**What the exercise asks**
Could you retype the records word for word but without any pictures?

Stored data
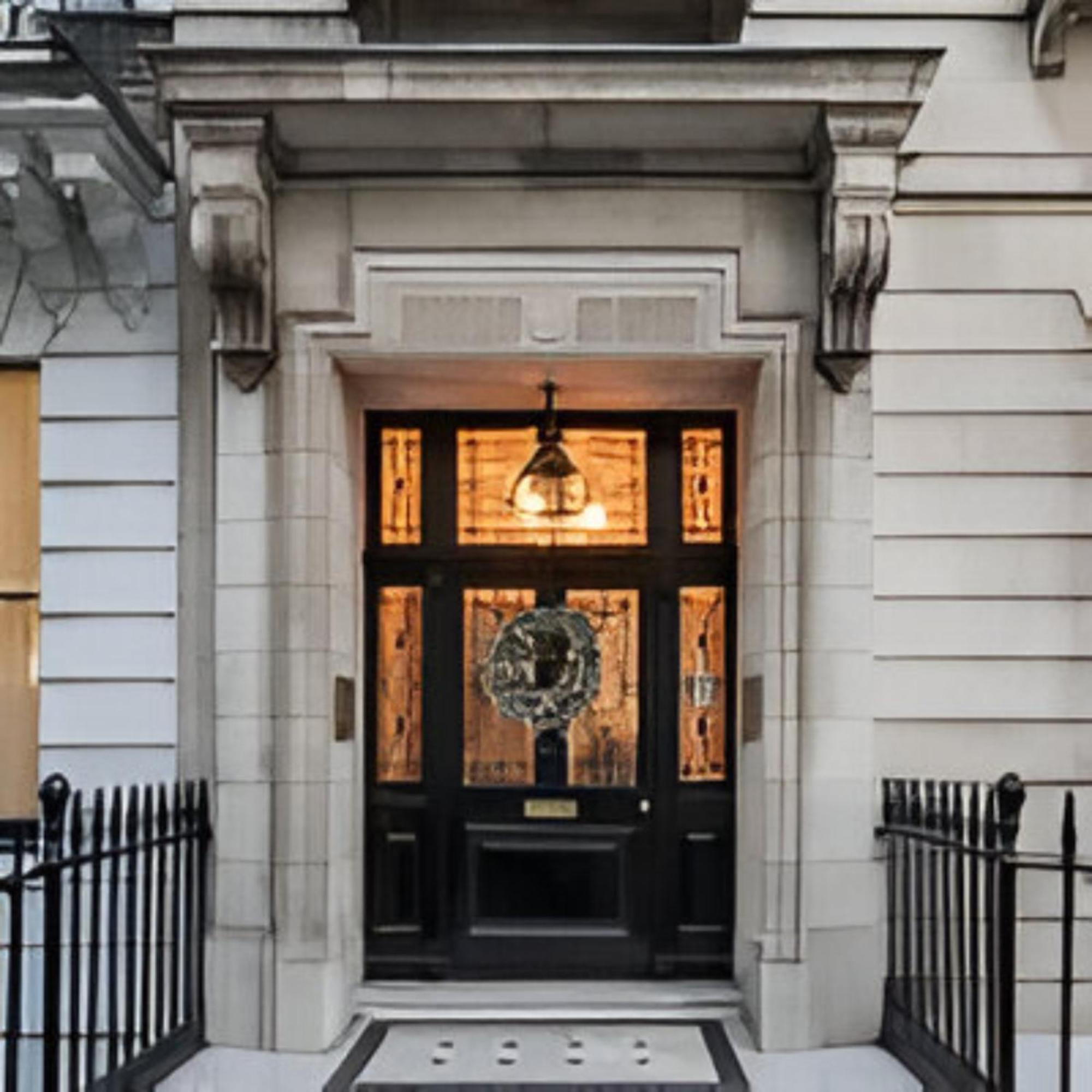 5H Modern Elegance 1-Bedroom City Living In ロンドン エクステリア 写真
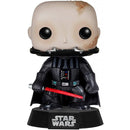 Pop! Star Wars: Unmasked Vader [43] (used)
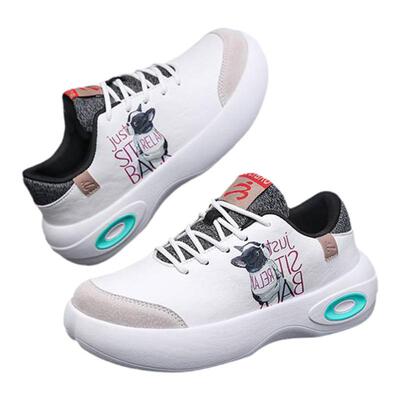 爱多 步智能按摩鞋官方旗舰店四季休闲生物电脉冲功能鞋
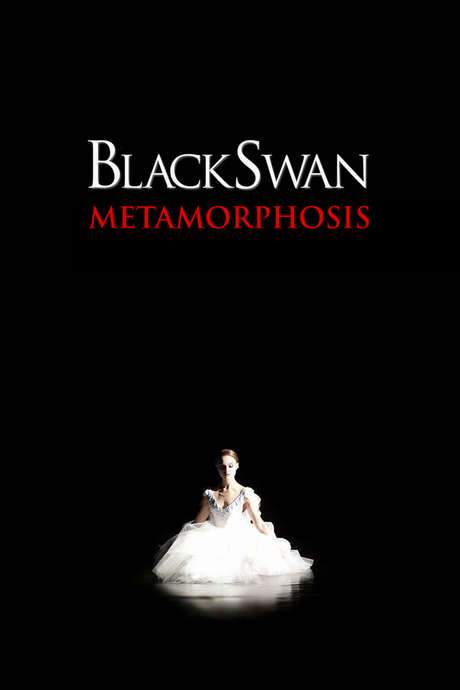 Black Swan: Metamorphosis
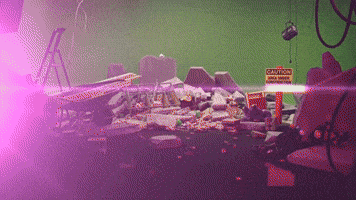 Paula Adrian GIF by Squad Busters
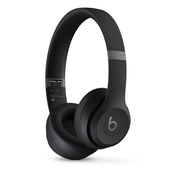 Auriculares Beats Solo4 Inalámbricos - Negro Mate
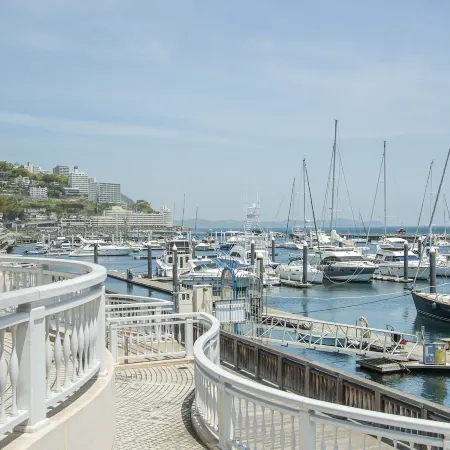 Lectore Atami Momoyama (TKP Hotels & Resorts)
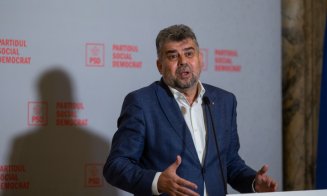 Ce spune liderul PSD despre trecerea ministerului Apărării la PNL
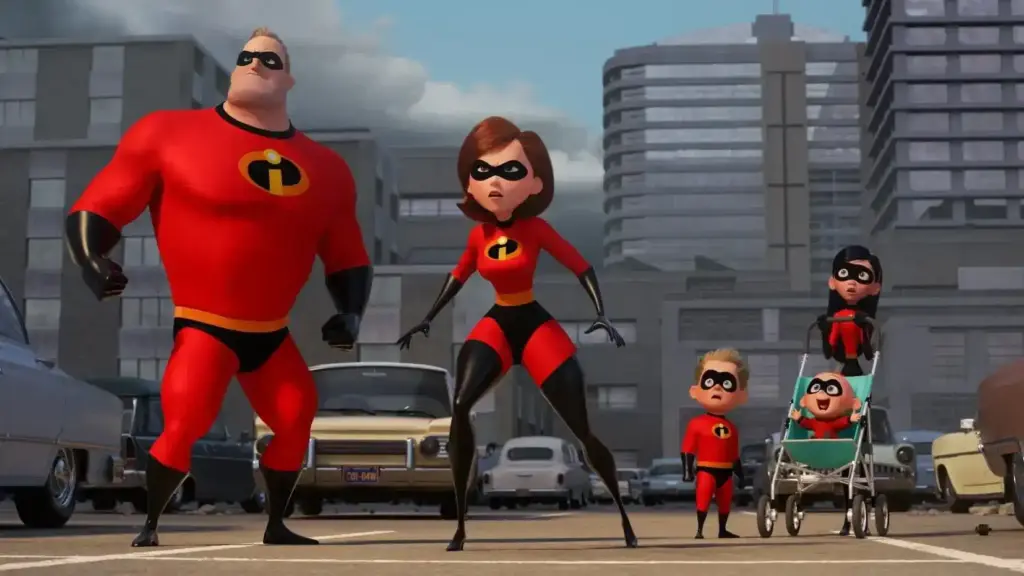 A Pixar sabe o peso que Os Incríveis 3 carrega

**The answer**
 5H Modern Elegance 1-Bedroom City Living In ロンドン エクステリア 写真
 Pop! Star Wars: Unmasked Vader [43] (used)
 爱多 步智能按摩鞋官方旗舰店四季休闲生物电脉冲功能鞋
 Black Swan: Metamorphosis
 Paula Adrian GIF by Squad Busters
 Auriculares Beats Solo4 Inalámbricos - Negro Mate
 Lectore Atami Momoyama (TKP Hotels & Resorts)
 Ce spune liderul PSD despre trecerea ministerului Apărării la PNL
 A Pixar sabe o peso que Os Incríveis 3 carrega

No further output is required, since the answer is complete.